Core Research Question

Can a routed swarm of adapter-trained small language models (4B parameters, 4-bit quantization) outperform a generalist model of equivalent size on real-world tasks, while running entirely on consumer hardware?

Sub-Questions

Specialisation vs generalisation: At what point does a specialist adapter reliably beat the base model, and how much training data is needed?
Routing accuracy: How well can a lightweight router direct queries to the right specialist, and what is the cost of misrouting?
Ensemble effects: Does voting across multiple adapters for the same domain improve accuracy beyond the single best adapter?
Inference-time enhancements: How much do RE2 prompting and self-consistency voting improve results when compute is free (local inference)?
Scaling the swarm: How does system performance change as we add more domains (5 -> 10 -> 20 adapters)?

Phased Milestones

Phase 1: Foundation (Semester 1, 2026)

Goal: Prove the concept with 3-5 adapters in clearly distinct domains.

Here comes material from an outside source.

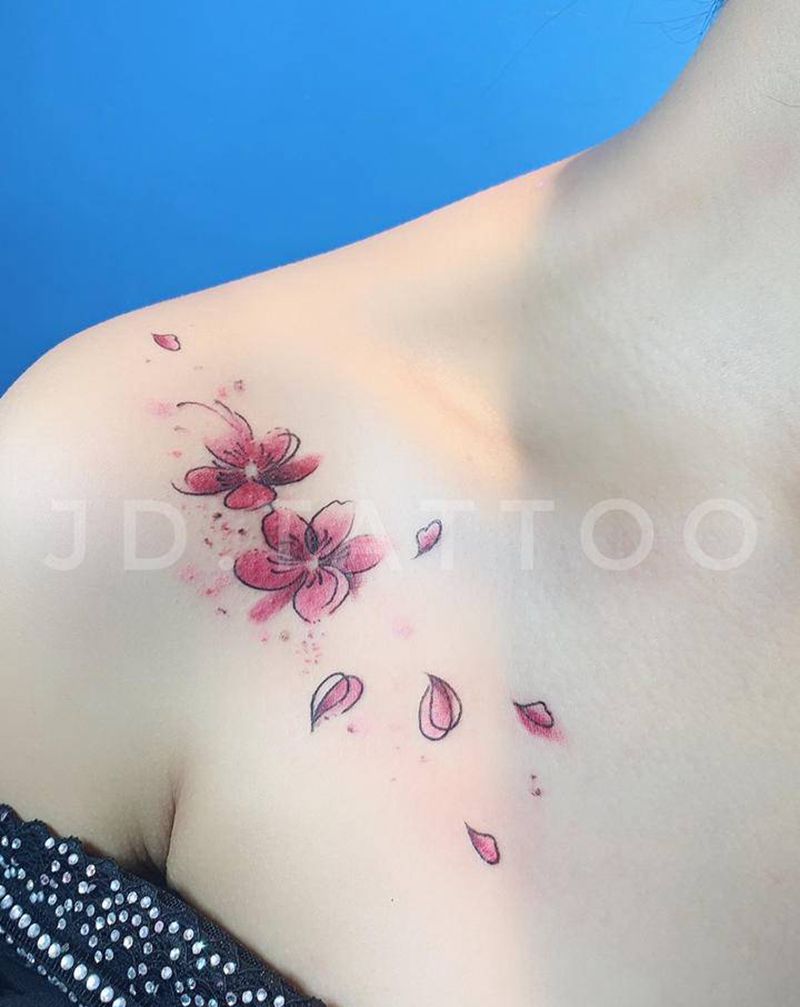 小花花纹身图片_肩部花纹身图案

Milestone	Deliverable	Success Criteria
Base model selected	ADR-0001, benchmarks	Model fits 8GB, strong baseline
First adapter (math)	Trained LoRA, eval results	Beats base model on GSM8K
Evaluation harness	`loco eval` command	Reproducible, automated benchmarks
Keyword router	v1 router implementation	Correct routing on 90%+ of test queries
3 domain adapters	math, code, writing (minimum)	Each beats base model on domain benchmark
Registry v2	Domain grouping, benchmark scores	Supports multiple adapters per domain

Phase 2: Scale & Compete (Semester 2, 2027)

Goal: 6-10 adapters, classifier router, first ensemble experiments.

Milestone	Deliverable	Success Criteria
Classifier router	ML-based routing	Handles domain overlap, >85% accuracy
Multi-adapter domains	2+ adapters per domain	Leaderboard shows ranking
Ensemble voting	Cross-adapter voting mode	Measurable accuracy gain vs single adapter
Out-of-domain testing	Automated regression checks	No adapter degrades base model by >5%
Adapter installer	`loco adapters install`	Students can share adapters easily

Phase 3: Research Depth (Semester 3+, 2027-2028)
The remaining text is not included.